On Monday, at 12:34 a.m. EDT, Perseverance transferred sample tube serial number 266 and its Martian cargo into the rover's interior to measure and image the rock core. It then hermetically sealed the container, took another image, and stored the tube, informed NASA's JPL mission.

Mars Sample Return campaign

The core is now enclosed in an airtight titanium sample tube, which will be retrieved by the Mars Sample Return campaign that is being planned jointly by NASA and ESA (European Space Agency) in 2028. A decade from now, these samples would be the first set of scientifically identified and selected materials returned to our planet from another distant planet.

Mars rock sample
Perseverance's first cored-rock sample of mars rock is seen inside its titanium contaniner tube in this image taken by the rover's Sampling anc Catching System Camera Catche-cam (NASA/JPL-Caltech)NASA/JPL-Caltech

"NASA has a history of setting ambitious goals and then accomplishing them, reflecting our nation's commitment to discovery and innovation," said NASA Administrator Bill Nelson.

Along with identifying and collecting samples of rock and regolith (broken rock and dust), searching for signs of ancient microscopic life on Mars, Perseverance's mission will also study the Jezero region's geology and ancient habitability to see whether life was there on Mars or not. In addition, the mission will also keep analyzing its past climate.

Similar to Moon samples

Thomas Zurbuchen, associate administrator for science at NASA Headquarters in Washington DC said, "Just as the Apollo Moon missions demonstrated the enduring scientific value of returning samples from other worlds for analysis here on our planet, we will be doing the same with the samples Perseverance collects as part of our Mars Sample Return program."

He said once teh samples are brought to earth, there will be jaw-dropping discoveries across a broad set of science areas, including whether life once existed on Mars. "With over 3,000 parts, the Sampling and Caching System is the most complex mechanism ever sent into space," noted Larry D. James, interim director of JPL.

NASA’s Perseverance Rover Makes Historic Landing on Mars
NASA’s Perseverance Rover on Mars

The rover's foray on Mars surface spans hundreds of sols (Martian days) and it will be complete when Perseverance returns to its landing site. It means Perseverance will have traveled between 1.6 and 3.1 miles (2.5 and 5 kilometers) and may have filled as many as eight of its 43 sample tubes by then.

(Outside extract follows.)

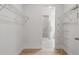 Walk-in closet with wire shelving, wood floor, and view to the bathroom and shower at 2650 Howard Ave, Oviedo, FL 32765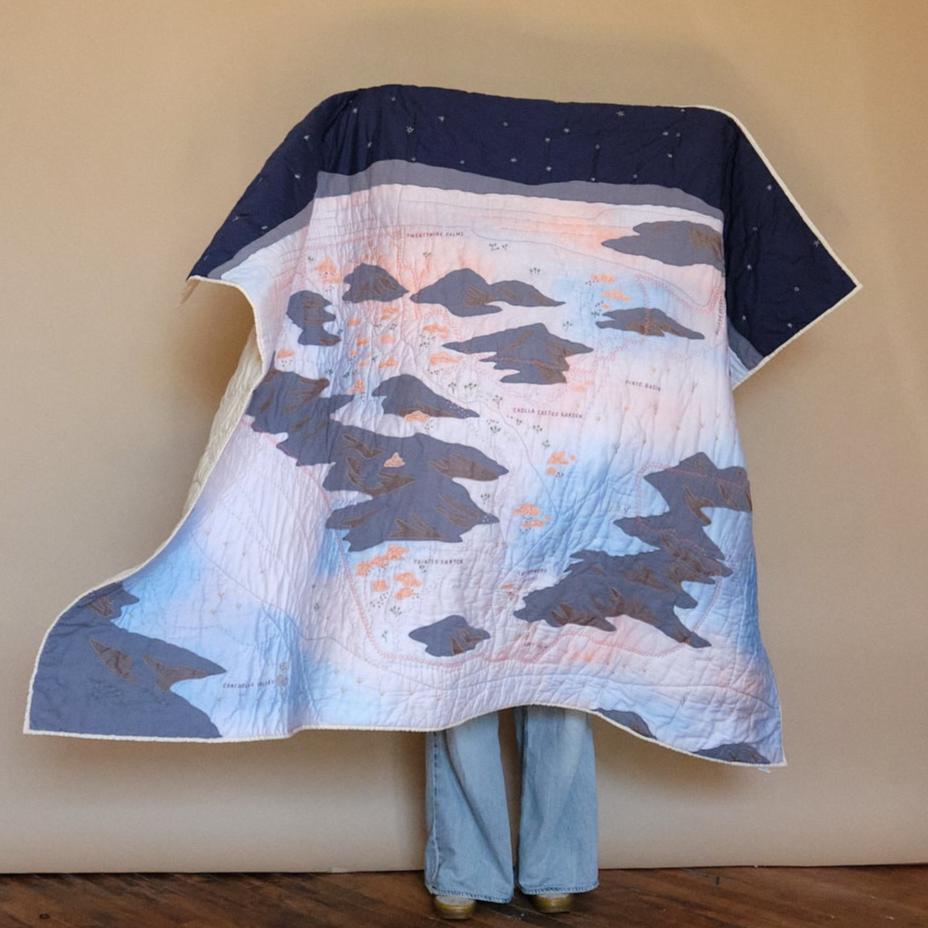 Holding up the Joshua Tree Quilt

After that, Perseverance will travel north, then west, toward the location of its second science campaign: Jezero Crater's delta region, the fan-shaped spot where an ancient river met a lake within the crater and believed to be rich in clay minerals. Since such minerals on Earth can preserve fossilized signs of ancient microscopic life, it provides insights into biological processes on Mars.

Subsequent NASA and ESA joint missions would send spacecraft to Mars to collect these sealed samples and bring them to Earth for in-depth analysis.

The Mars 2020 Perseverance mission is part of NASA's Moon to Mars exploration approach, which includes Artemis missions to the Moon, in preparation for the first human exploration mission to the Red Planet. JPL is managing operations of the Perseverance rover.